Task goal: Reproduce every line below exactly as written; do not include the images.

(Given material Opens)

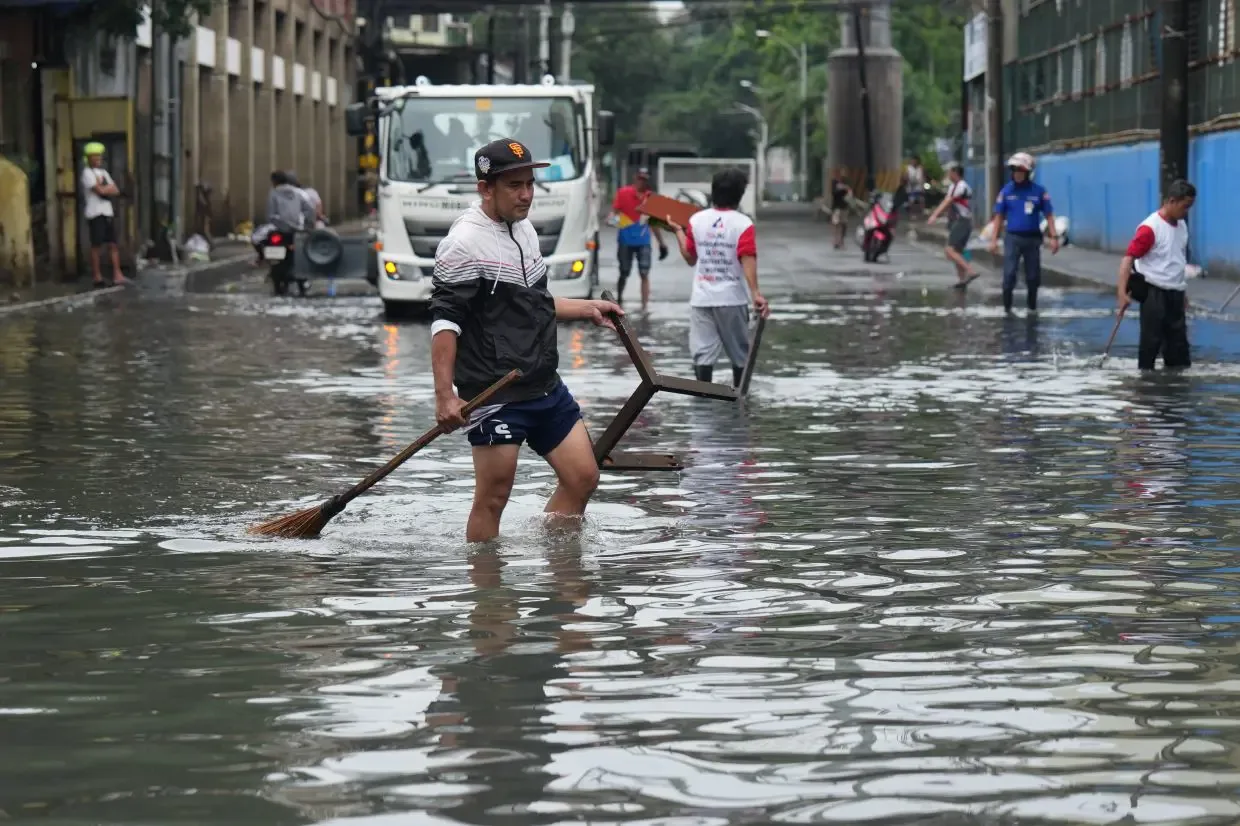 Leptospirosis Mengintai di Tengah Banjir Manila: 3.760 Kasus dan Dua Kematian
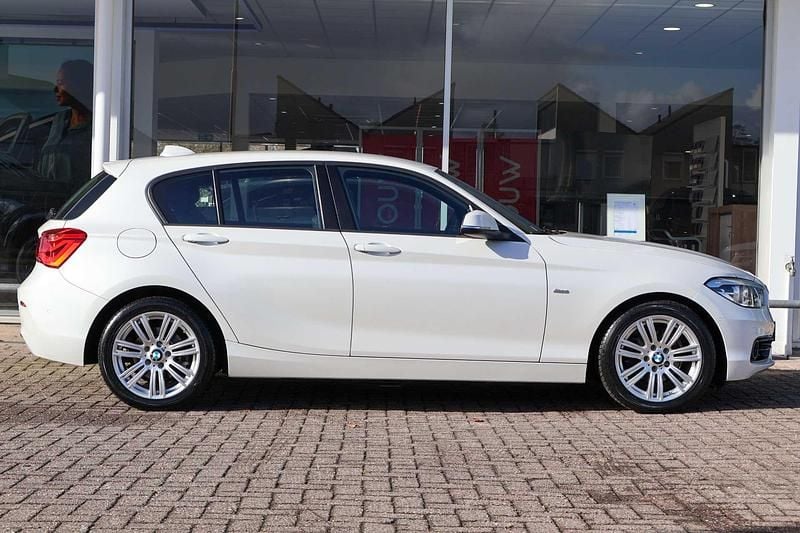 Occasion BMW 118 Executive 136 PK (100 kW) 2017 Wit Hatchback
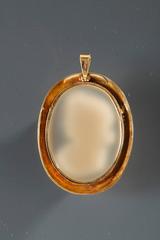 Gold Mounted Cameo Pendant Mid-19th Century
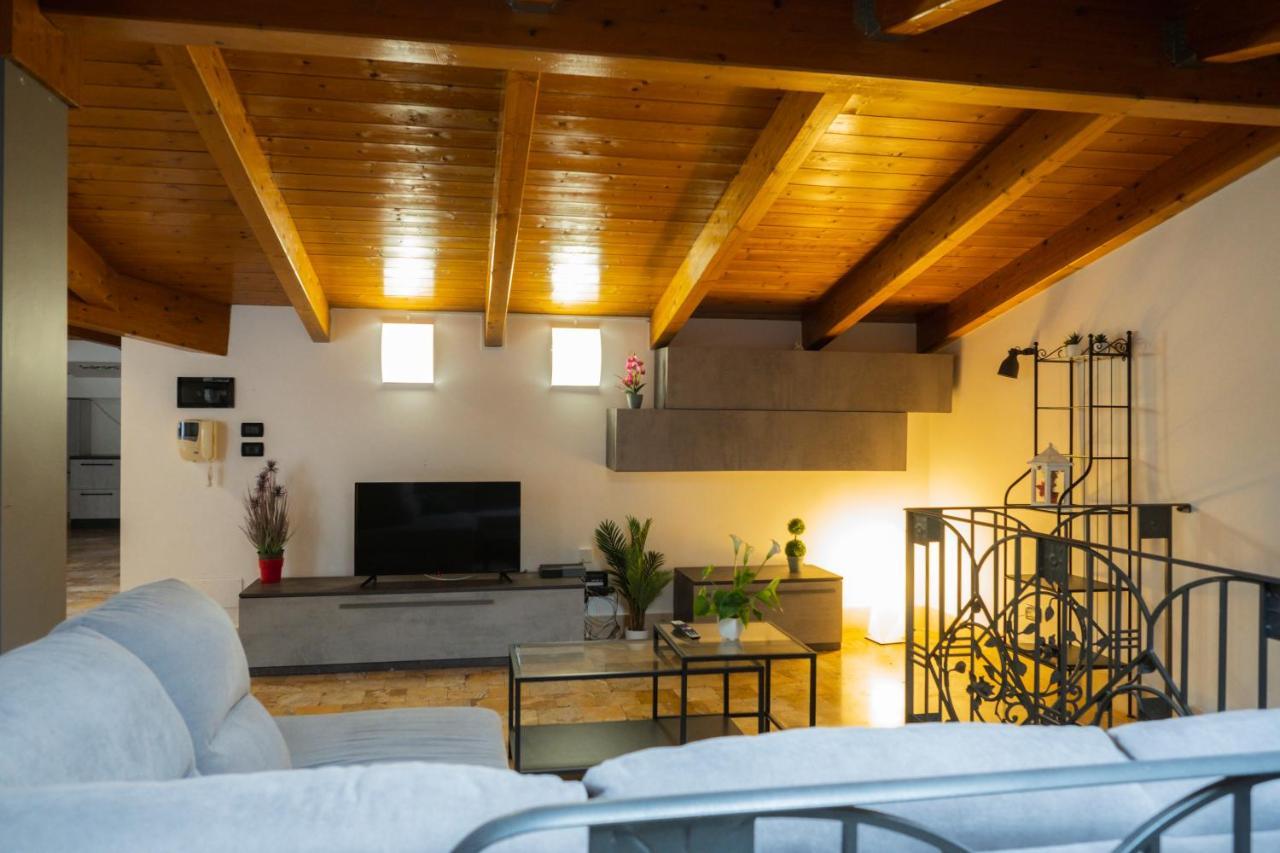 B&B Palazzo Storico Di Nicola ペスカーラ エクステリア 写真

(Given material Closes)

Answer box:
 Leptospirosis Mengintai di Tengah Banjir Manila: 3.760 Kasus dan Dua Kematian
 Occasion BMW 118 Executive 136 PK (100 kW) 2017 Wit Hatchback
 Gold Mounted Cameo Pendant Mid-19th Century
 B&B Palazzo Storico Di Nicola ペスカーラ エクステリア 写真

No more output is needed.